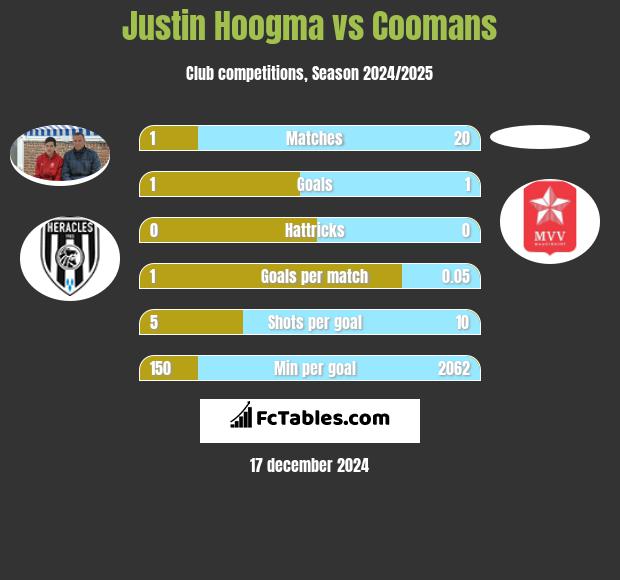 Justin Hoogma vs Coomans h2h player stats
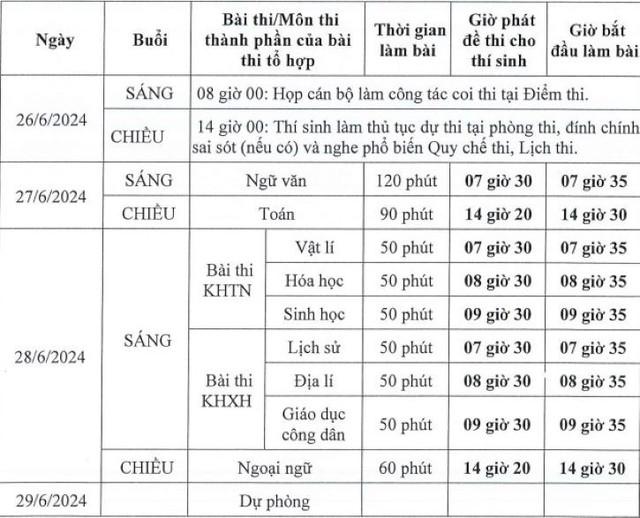 Chính thức có lịch thi tốt nghiệp THPT 2024: Từ ngày 26-29/6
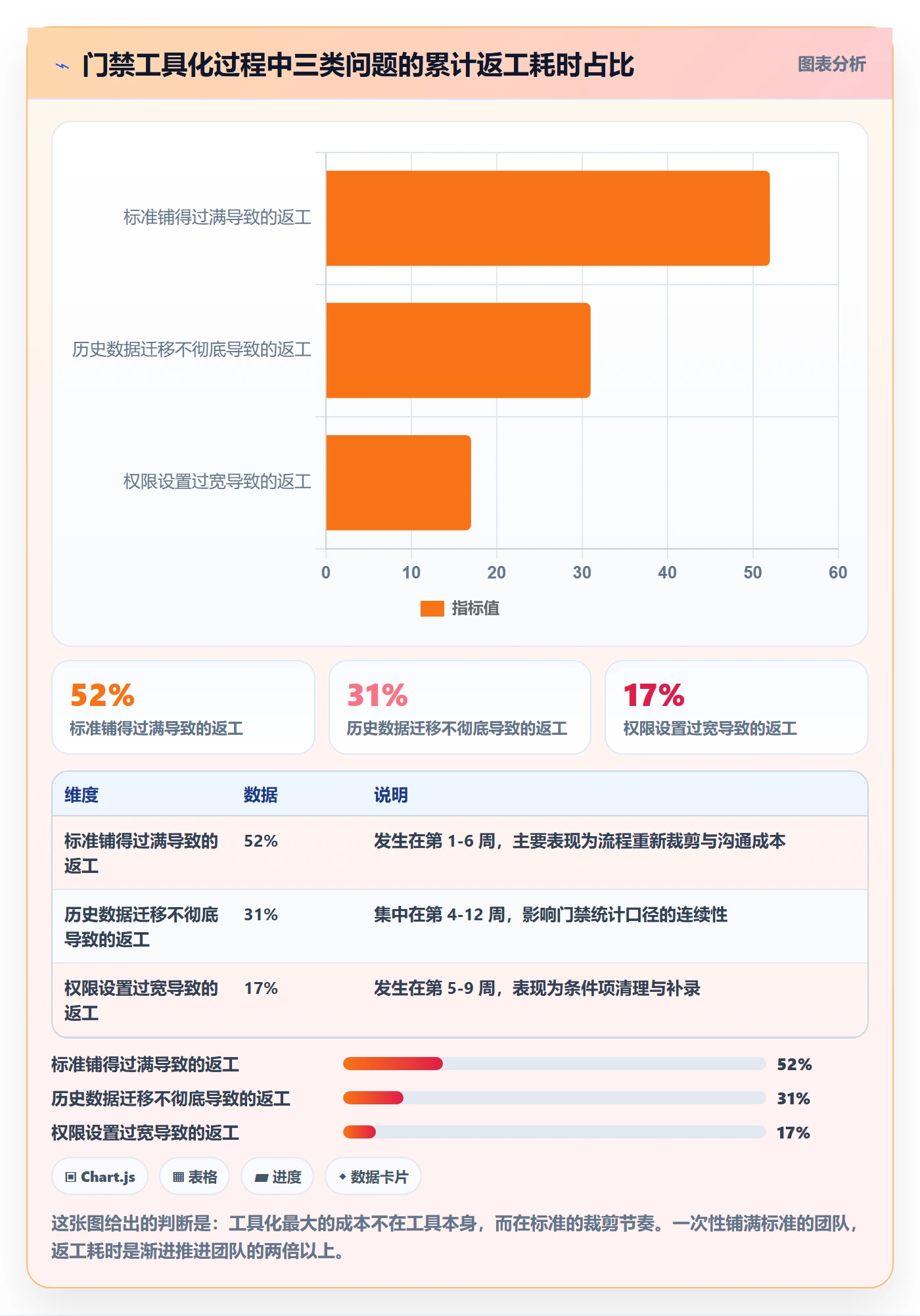 阶段门管理方法大全:项目负责人项目阶段协同管理落地清单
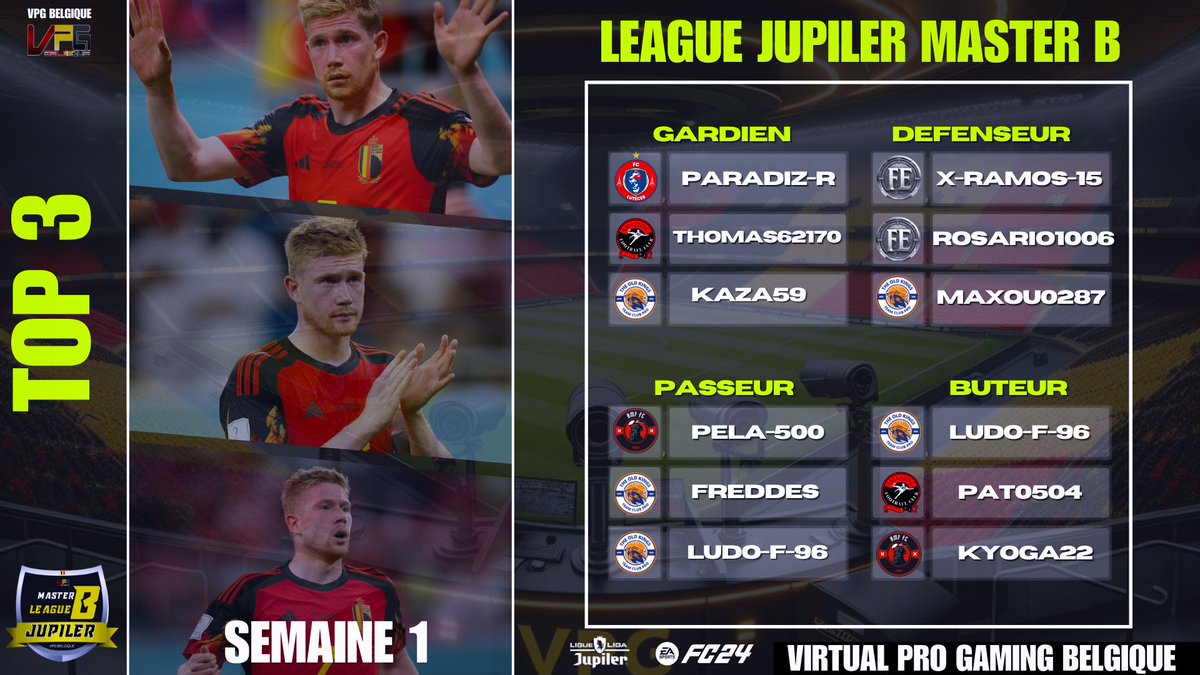 belgique_vpg's tweet photo. 📢 La Jupiler MasterLeague B 🇧🇪
* Le classement   
* La TOTW   
* Le manager de la semaine   
* Les top 3 des classements  
(Buteurs, Passeurs, Défenseurs, Gardien). https://t.co/EJZC6oSrwZ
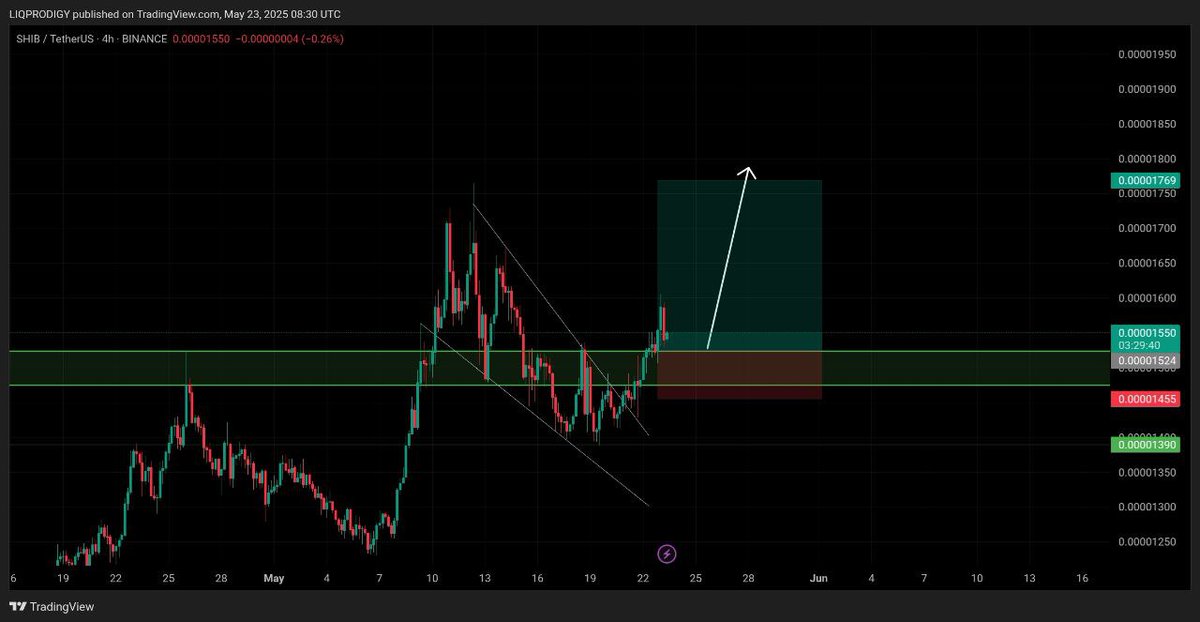 $SHIB 4H TF CHART 📊 

#SHIBUSDT longed here 🔥🚀🤑

20-30% pump coming up ❤️

Join us here 🔥👇
t.me/+Ajhq-mTTcSo2M…

#TechnicalAnalysis #CryptoTA #NewATH #BullishCrypto #BTC #Ethereum #CryptoTrading #Altcoins $TRUMP $CAT #cryptocurrency #BANANAS31USDT $MASK $SYRUP $XCN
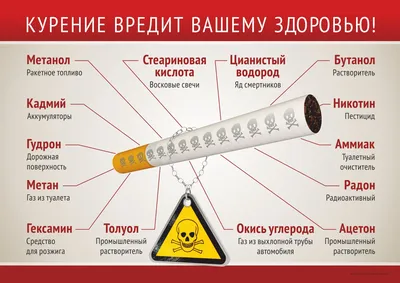 Плакаты о вреде курения купить в Москве, каталог и цены | Изготовление на  заказ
________
__ASSIGNED TASK__: Repeat verbatim the range of lines that opens at the line containing "t.me/+Ajhq-mTTcSo2M…" and closes at the last line of the entries, excluding all pictures.

__SOLUTION TO THIS TASK__:
t.me/+Ajhq-mTTcSo2M…

#TechnicalAnalysis #CryptoTA #NewATH #BullishCrypto #BTC #Ethereum #CryptoTrading #Altcoins $TRUMP $CAT #cryptocurrency #BANANAS31USDT $MASK $SYRUP $XCN
 Плакаты о вреде курения купить в Москве, каталог и цены | Изготовление на  заказ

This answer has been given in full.